Talent to Teach Outside the Book

Michelle Leavitt

Former Congressman Jim Talent began his stint as a professor this week, when his Poli. Sci. 456, “Thinking Like A Congressman,” met for the first time.

Talent initially designed the course as a seminar for 12 students. At one point, however, more than eighty budding politicians were either enrolled or waitlisted. The enrollment limit was upped to twenty, and twenty-four students attended yesterday’s class.

This is “a course on how to be a congressional staffer,” explained Talent’s spokesperson, Rich Chrismer. It will cover the basics of work in Congress, such as how to write press releases, minute-long speeches, constituent letters, as well as the unspoken rules of The Hill. It will also offer the opportunity to “think like someone on the Hill,” as Talent told his students.

“Congress is a culture all its own,” Talent said. “The balance of protocols, informal understandings, and politics” is something not easily taught by a textbook, he said, “most of what’s on paper is at best irrelevant on how the Congress really works.” This is why the only text for the course will be William Strunk’s and E.B. White’s famous The Elements of Style. Talent’s emphasis on writing relates to his view of clarity. “If you’re not writing clearly, you’re not thinking clearly,” he said.

One of the major draws of the course for many of the students was the offer of internships on Capitol Hill. With Talent’s connections and experience in Washington, he expects to easily place all his students with some sort of politician this summer, on both sides of the aisle. Personal interviews will be used to match students with offices. The details of the internships, all unpaid, are still being worked out with the university.

The offer of the internships is not the only draw, nor is it a required component of the class. Several students hope the course will give them a real-life look into politics. With the help of the experiences they expect Talent to relate and the insights he could share, these students hope to decide whether politics is really what they want to pursue as a career.

On the first day of the class, Talent was light-hearted but firm. He spoke of the grading option, offered only as Pass/Fail, in this way: “Three months ago I lost a close election for Governor, and if I can go through that kind of trauma, I can fail somebody from a course.” Attendance and participation will be the main components of the grade if needed, Talent is willing to force participation from the class. He will supplement this with written assignments.

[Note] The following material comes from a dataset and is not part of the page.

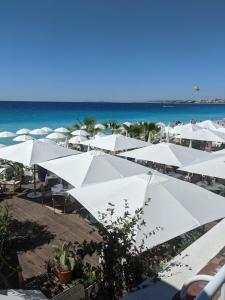 una playa con sombrillas blancas y el océano en Goldstar Apartments & Suites, en Niza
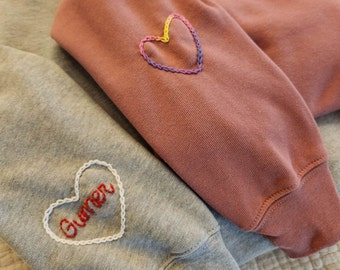 Fügen Sie einem Rundhals-Sweatshirt ein handgesticktes Design hinzu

For his first lecture, Talent covered the important duties of a freshman member of congress. These include sticking to campaign promises, realizing the things they can do on their own and those for which they need support from their party, and remembering to keep their integrity first and foremost. As a general guideline, Talent said, “there should always be a set of things you are willing to lose an election for-if not, get out before it destroys you.” Like a choose-your-own-adventure, students were presented with various situations and asked to make decisions, after which Talent would tell them what the likely career and political outcomes of their decision would have been.

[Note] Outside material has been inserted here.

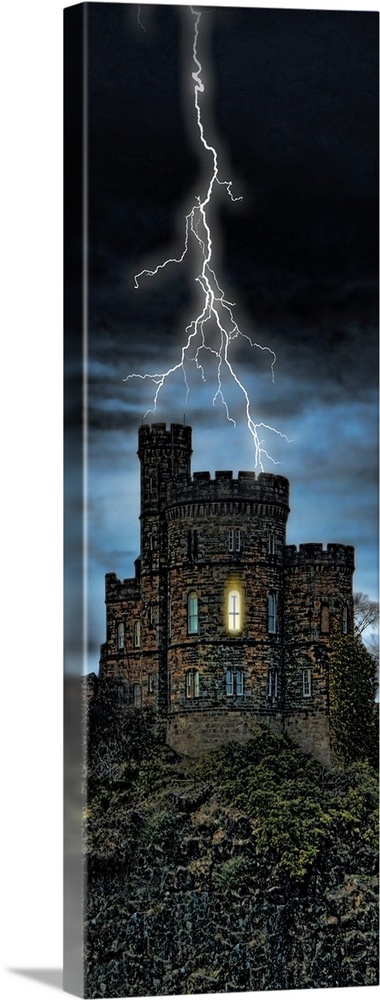 Giant, vertical photograph of lightening striking a castle on a hill, a single light can be seen through one window, on a ...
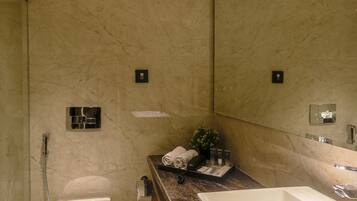 Shower, rainfall showerhead, designer toiletries, hair dryer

Talent realizes the purpose of this class is to share his experiences, which is why he “will not discipline [himself] much in these classes” in regards to strictly following the course schedule, which was included in the syllabus. Although he “may go off on some story,” he said, he is attempting to give “a flavor of how Congress really operates, how Congressmen and women really think.”

When the announcement was made that Jim Talent, an alum of WU, had been named an Honorary Professor and was planning to teach this spring, there was concern that the class would be more of a soapbox for Republican ideals than an educational experience.

Yet Talent is not the first Congressman to teach at WU. Senators Eagleton and Danforth have both taught here. Indeed, Randy Glean, liaison between Talent and WU, said that “it’s typical that politicians invariably go to universities” after their term is up. And in regards to the potential political bias, Glean said it is better that they “teach to their expertise.” In fact, politicians are often “safer than other professors whose bias may not be known ahead of time. They can surprise you.”

Talent has tentatively agreed to stay at WU for at least two years, pending a decision in regards to the political race in 2002. He will most likely teach this course again in Fall 2001 and perhaps also in Spring 2002. During this “enforced time of being on the sidelines,” Talent would like to “expand his role” at WU; that may depend on how this course goes. As he said, “you never stop learning, your views never stop evolving, and a university setting is the perfect environment for that.”